The electricity group has asked the Minister of Energy to approve a one-year corporate plan. A longer-term plan will be ready only later in the year.
“We are expecting that by the end of September we will have a comprehensive, integrated strategy on how to manoeuvre Eskom going forward.”
He said that decisions on the strategy would also depend on “the tariff relationship” with the National Energy Regulator of South Africa (Nersa).
Hadebe was in Parliament to argue for a substantially higher tariff increase from Nersa. The regulator has decided on a 5.23% increase in electricity tariffs for the 2018/19 financial year.
Eskom has said it must be allowed electricity price increases that cover its costs, while also enabling it to migrate towards a fair return.
Hadebe said the Eskom board had been under a lot of pressure from investors to show that it was serious about cutting corruption and putting its house in order. It also had to raise R20-billion to ease cash flow problems.
“The board engaged with market participants to try to raise R20-billion. It became clear to all of us that the investors wanted to see commitment with regard to governance from Eskom and how we are dealing with those who are corrupt. That is why in the space of two weeks, the board exited six senior officials of Eskom who were implicated in corrupt activities.”

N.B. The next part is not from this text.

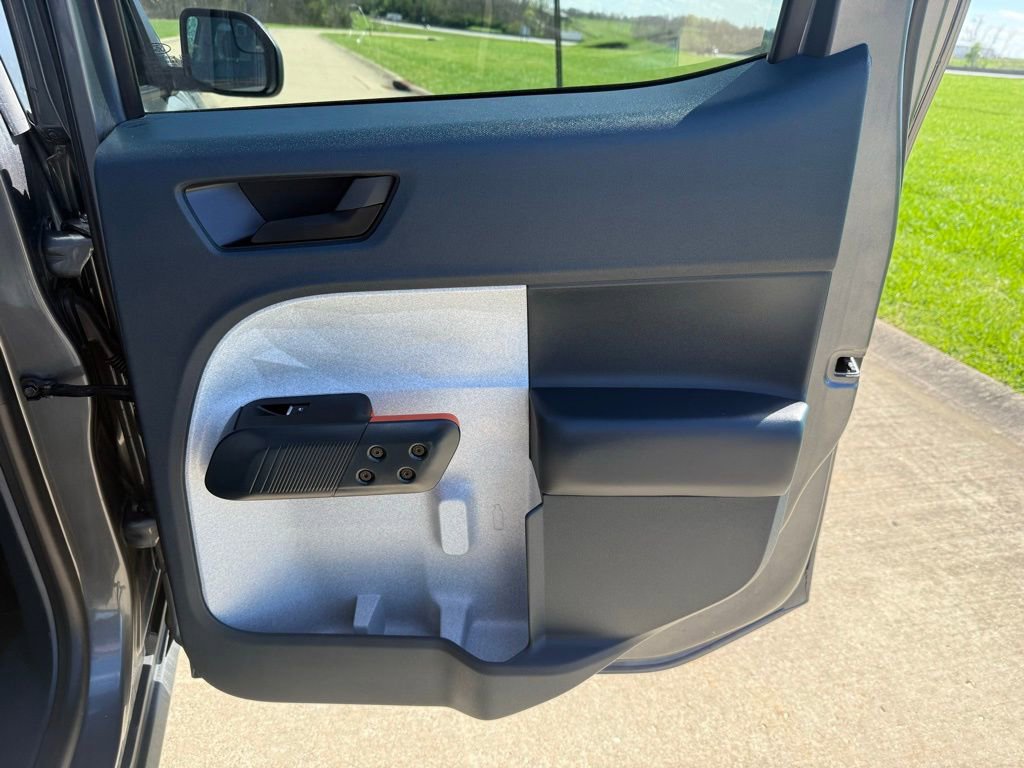 Used 2024 Ford Maverick XLT w/ Equipment Group 300A Standard AWD/4WD image 13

He said once this had been done, Eskom was able to generate more funding.
Eskom has to borrow a total of R72-billion in 2018/19.
Meanwhile, Hadebe said he was starting to see some movement from municipalities in paying their debts to Eskom, which would ultimately lead to an improvement in Eskom’s financial situation. Municipalities owe about R12-billion. Neighbouring countries were also paying back their debt.
“We have a small element of exports, and two countries have not been paying. We laid down the conditions, and they paid last week and the week before that. These decisions may be painful, but if we don’t take them, Eskom will continue to have the same problems.”